Ultimately, after internal discussions, we chose Apache SeaTunnel as the foundation for our data integration.

Contribution Experience

Before learning about Apache SeaTunnel, I had little involvement in open-source projects, mostly using them as needed for work. Although I was interested in contributing to open-source, I hadn’t had the opportunity to do so. SeaTunnel was in a phase of rapid iteration, which I saw as a chance to get involved.

Encountering a Problem

In July this year, we encountered a problem while using MySql-CDC for data synchronization at our company. Initially, the synchronization tasks ran smoothly, but after some time, we noticed a significant amount of GC (Garbage Collection) output in the server logs, indicating low efficiency in memory recycling.

Attempting to Solve

Since our batch jobs had been completing successfully up to that point, we first ruled out misuse as a cause. Identifying it as a memory issue, we tried reducing the JVM heap memory parameters and enabled JMX memory monitoring. We reran the CDC task to replicate the problem, and as expected, it reoccurred. Memory monitoring revealed that the heap memory continued to grow during the CDC task execution, as shown in the following image:

This led us to conclude that the issue was likely due to a memory leak in the code. We needed to analyze the current JVM memory situation in detail. I used jmap to dump the heap memory to a local file and analyzed it with MemoryAnalyzer. The findings are illustrated in the following image:

The image above shows the Leak Suspects in MemoryAnalyzer, highlighting the larger objects in the heap that were likely causing the abnormal memory usage. A BinaryLogClient object, occupying about 1.7 GB of memory, couldn't be reclaimed. Further analysis of its associated objects is shown below:

The MySqlBinlogSplitReadTask seemed to be holding this reference. Further analysis of this object's references is shown in the next image:

![Further Analysis](http://openwrite-whaleops.oss-cn-zhangjiakou.aliyuncs.com/31504_C17AC7FCDF7642B3ACDC7A9CCB69C7

B6)

Identifying the Cause

Ultimately, we discovered that within the BinaryLogClient object, there was an eventListeners event listener that was causing issues. With this clue, we delved into the source code for a deeper investigation.

Reading the Source Code

Through the source code analysis, we learned that eventListeners is used during the data synchronization extraction phase to listen to binlog changes, collecting change data into a queue for subsequent task processing.
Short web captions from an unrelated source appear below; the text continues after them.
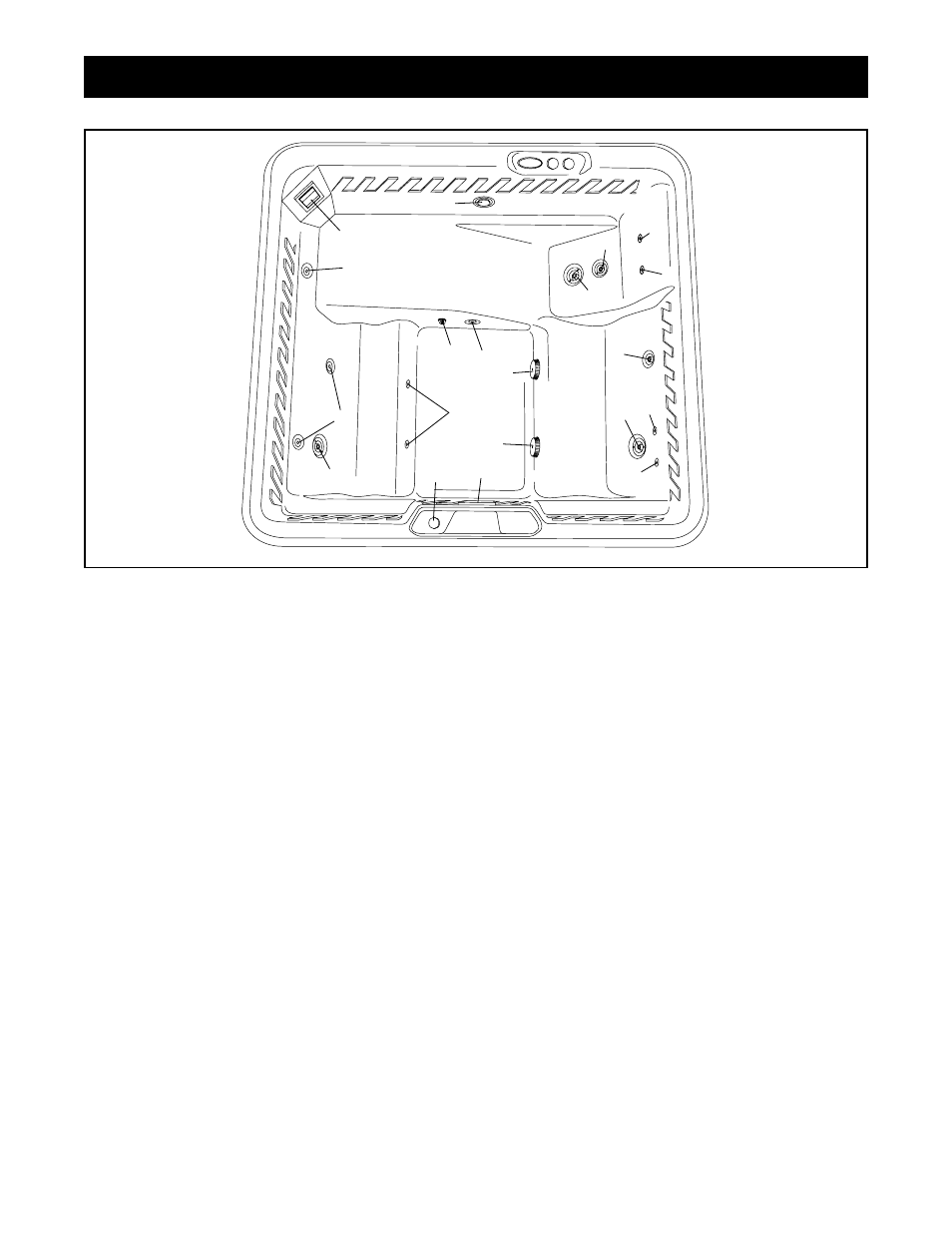 Spa shell diagram | ProForm PFSG51030 User Manual | Page 11 / 20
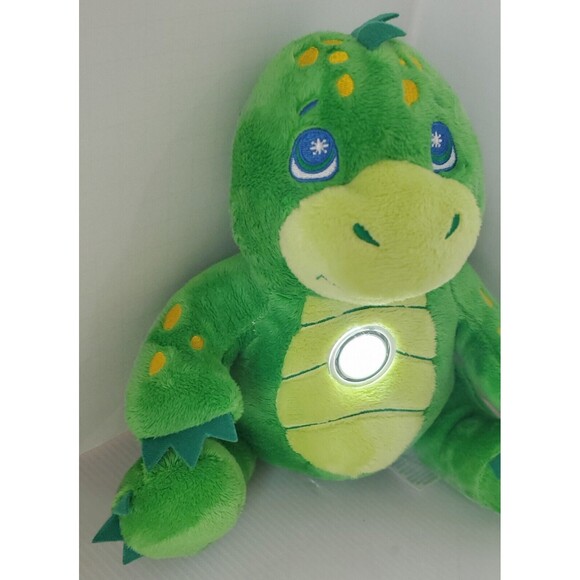 Flashlight Friends Dinosaur Green 8" Plush Bedtime  Stuffed Animal Dino Lovey - Picture 4 of 8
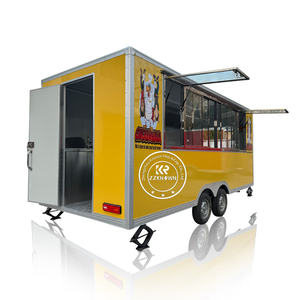 Camión de Comida Móvil 2025 para Jugos, Cerveza y Helados, Totalmente Equipado, Remolque de Comida para Catering y Venta Ambulante - Product Image 2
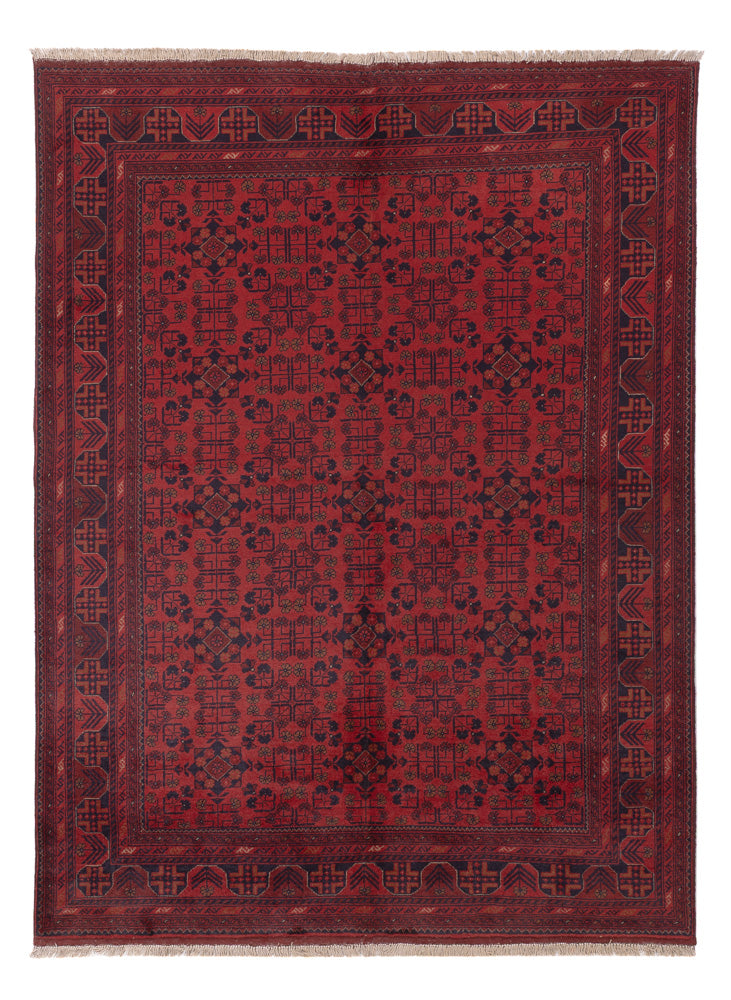 Afghansk matta - Kunduz - 227 x 171 cm - röd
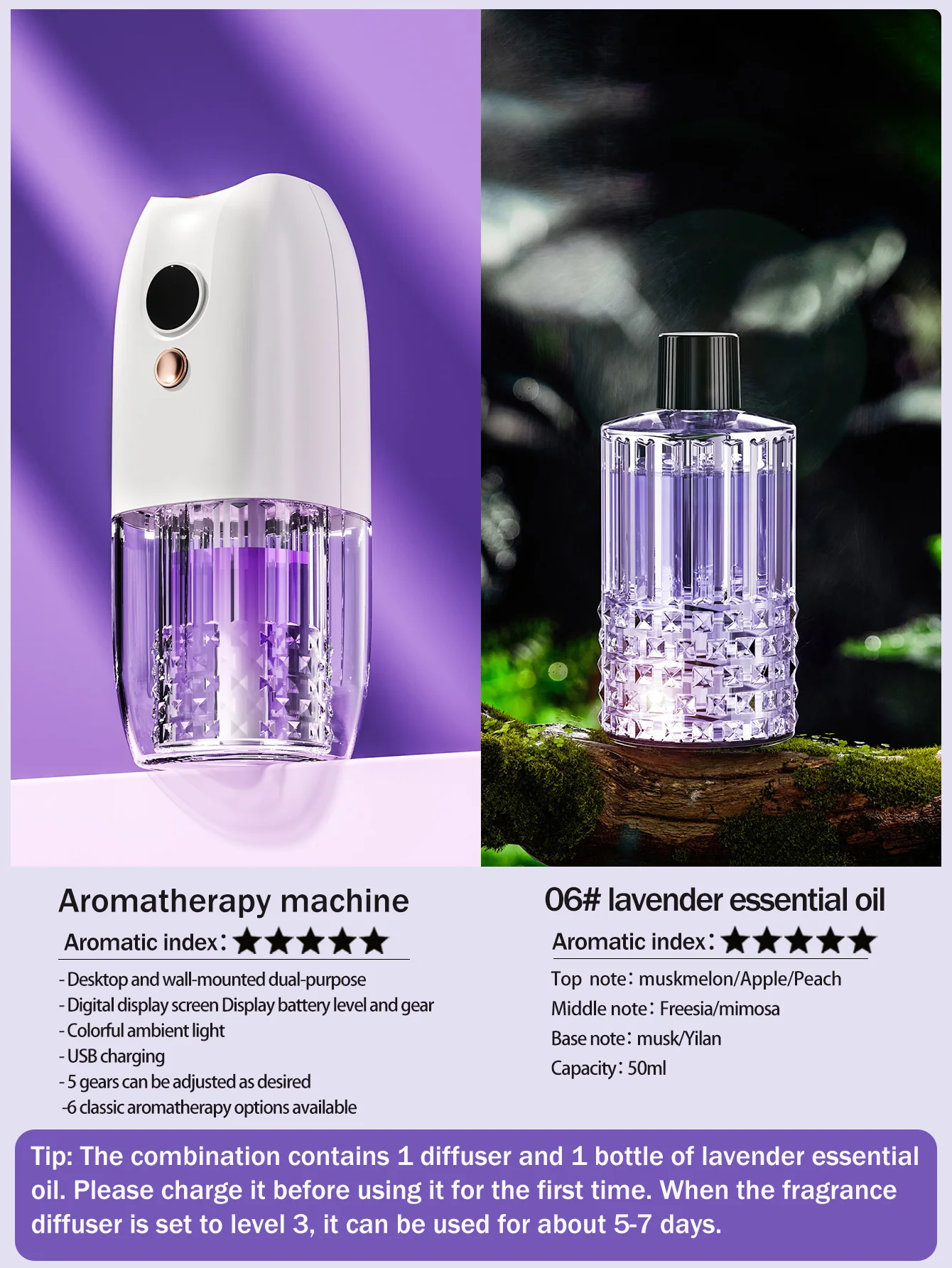 1Lavender 1Diffuser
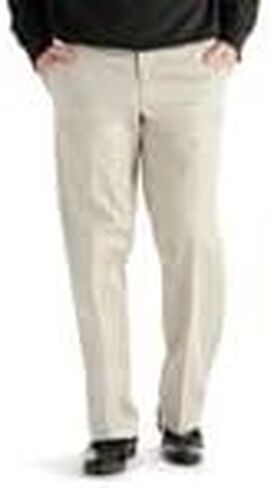 Lee Men's Comfort Waist Custom Straight Fit Flat Front Pant in Saudi Arabia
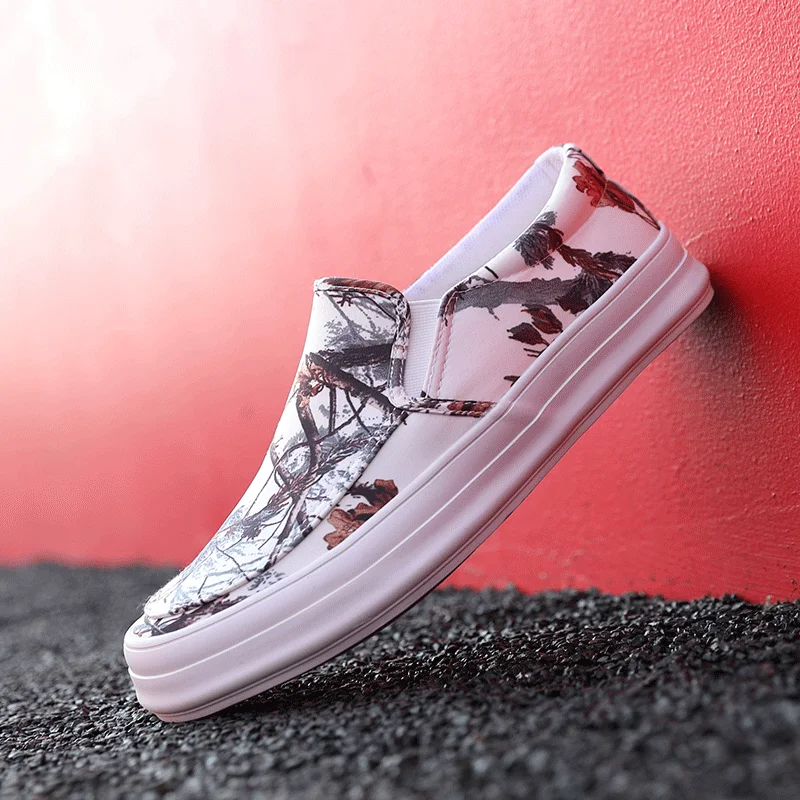 

Social People Spirit Guy Shoes Tide 2019 Spring New Fashion Personality Lazy Shoes A Pedal Trend Men's Shoes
The MySqlBinlogSplitReadTask is designed to compensate for changes generated during the CDC snapshot phase. Each execution of this task registers a current event listener with the BinaryLogClient. When a binlog change is detected, the change data is collected into the respective shard's queue. Each task only processes binlog records within its shard range and ends after compensating. However, as shown in Figure 3, many tasks were not released, which was inconsistent with the design.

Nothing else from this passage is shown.